Open
Description
Description
With large numbers of validators and heavy disk congestion, we've observed the slashing protection database timing out with errors like this:
: Nov 16 00:50:31.056 INFO Successfully published attestation type: unaggregated, slot: 39850, committee_index: 2, head_block: 0x3bd75ebc65de718b36911eaab7dad3a9ef7ca44c7ba03d32c7092195c43bcf43, service: attestation
: Nov 16 00:50:32.838 CRIT Not signing slashable block error: SQLPoolError("Error(None)")
: Nov 16 00:50:32.838 CRIT Error whilst producing block message: Unable to sign block, service: block
The default timeout is 5 seconds.
Presently, we sign attestations one at a time and broadcast them, which means that each attester requires a new SQLite database transaction.

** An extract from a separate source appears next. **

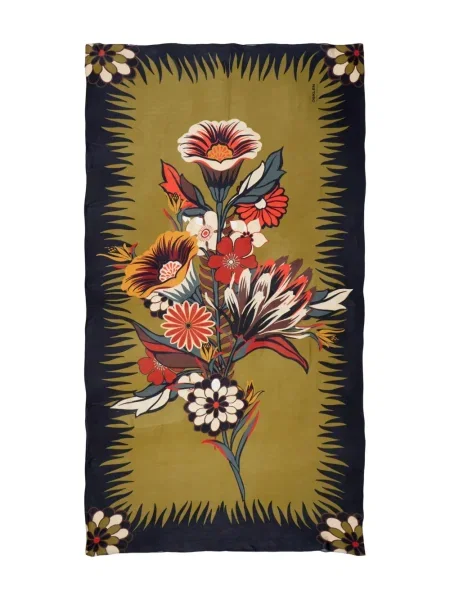 Fular Osklen cu model floral verde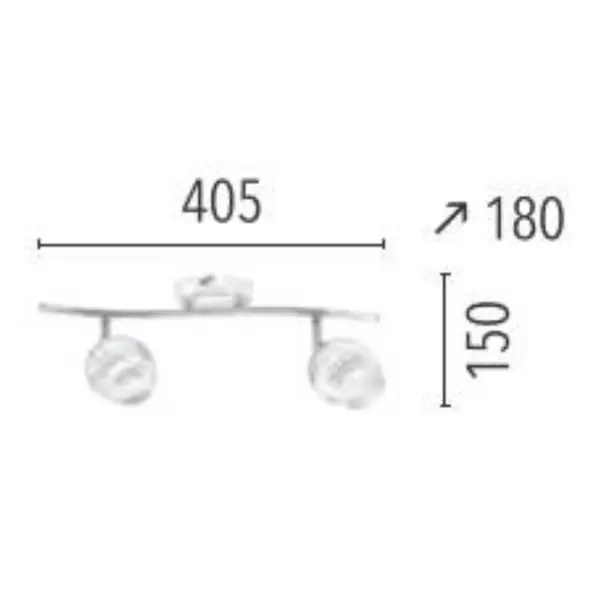 Plafonnier Chrome/Blanc Hypnos, Inclue 2xG9 28W , IP20, 230V AC, Classe I - Spot-Light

https://github.com/sigp/lighthouse/blob/master/validator_client/src/attestation_service.rs#L332-L404
To alleviate the congestion slightly, we could switch to an algorithm like:
- Begin an SQLite transaction
txn
- Check and sign all attestations as part of
txn
- Commit
txn
- Broadcast attestations
That way we preserve the property that an attestation is only broadcast if its signature has been persisted to disk (which is crash-safe). Broadcasting after each check but before the transaction commits would violate this property.
Version
Lighthouse v0.3.4